§ Work to be completed: Repeat the listing below exactly. Pictures do not belong in the copy.

§ Information shown:
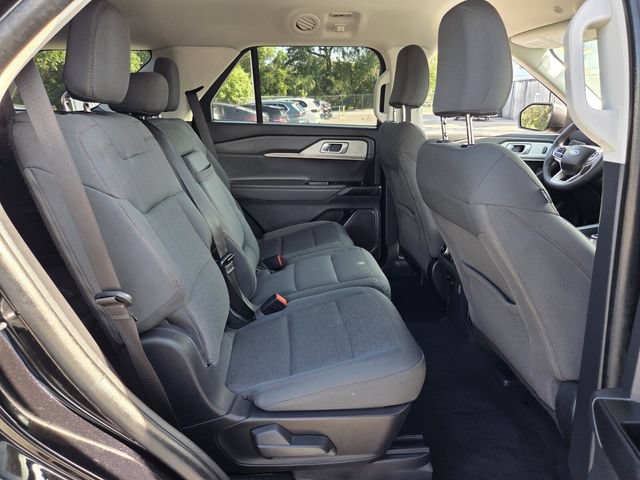 Used 2025 Ford Explorer Active RWD image 11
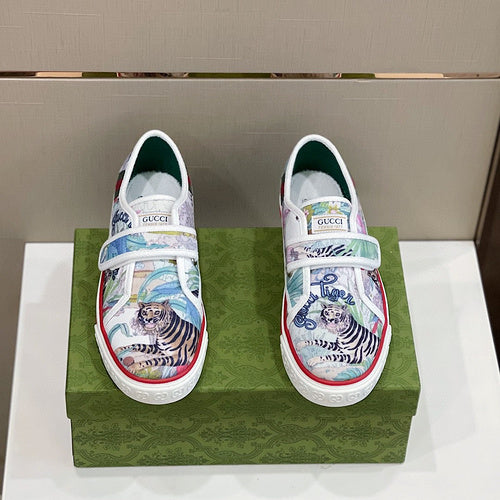 Gucci neutral cream luxury sneakers view 11 minimalist modern build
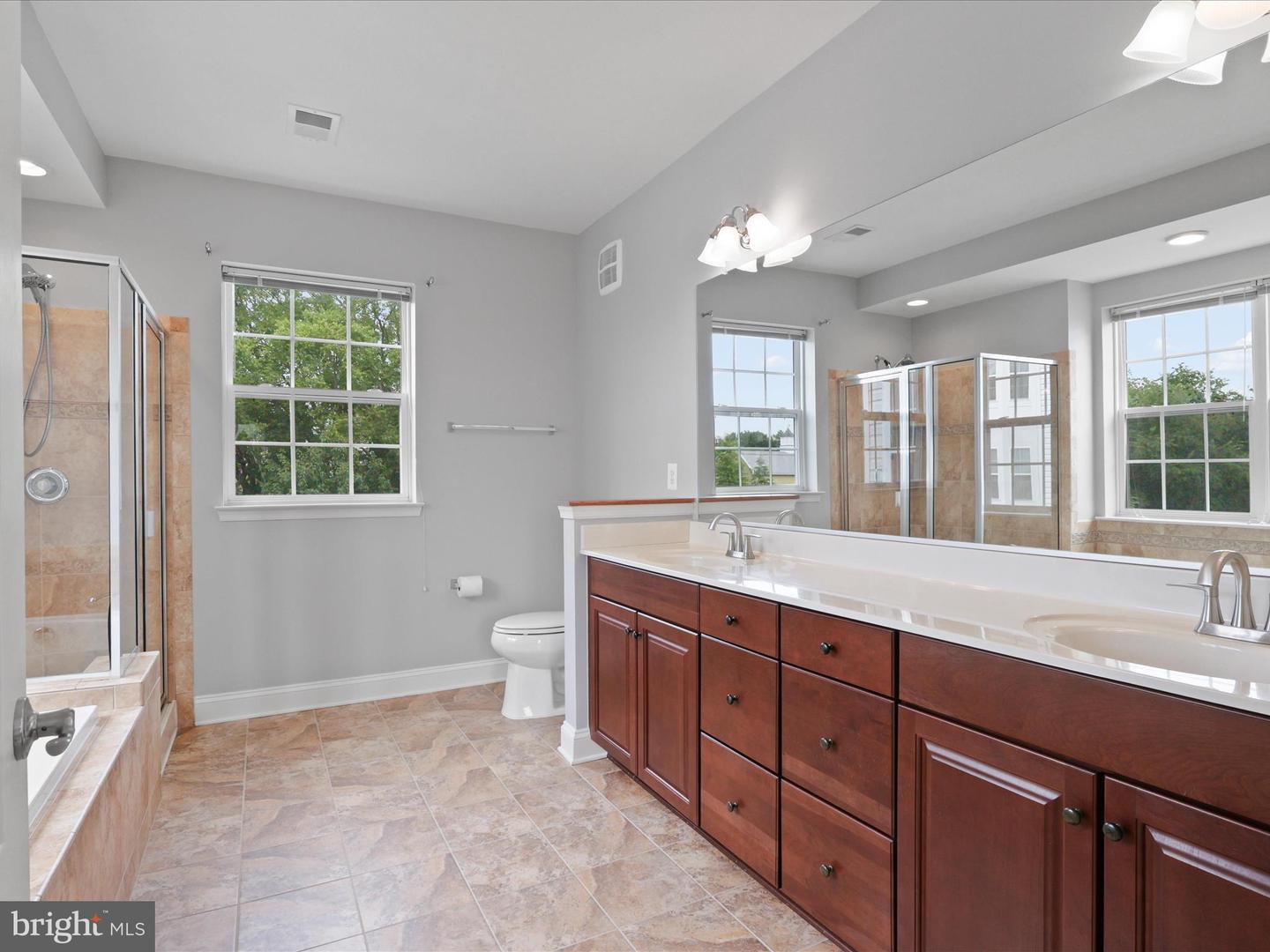 9200 CHARLESTON DR #302, MANASSAS, Virginia 20110, 3 Bedrooms Bedrooms, ,2 BathroomsBathrooms,Residential,For sale,9200 CHARLESTON DR #302,VAMN2009162 MLS # VAMN2009162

§ Response:
 Used 2025 Ford Explorer Active RWD image 11
 Gucci neutral cream luxury sneakers view 11 minimalist modern build
 9200 CHARLESTON DR #302, MANASSAS, Virginia 20110, 3 Bedrooms Bedrooms, ,2 BathroomsBathrooms,Residential,For sale,9200 CHARLESTON DR #302,VAMN2009162 MLS # VAMN2009162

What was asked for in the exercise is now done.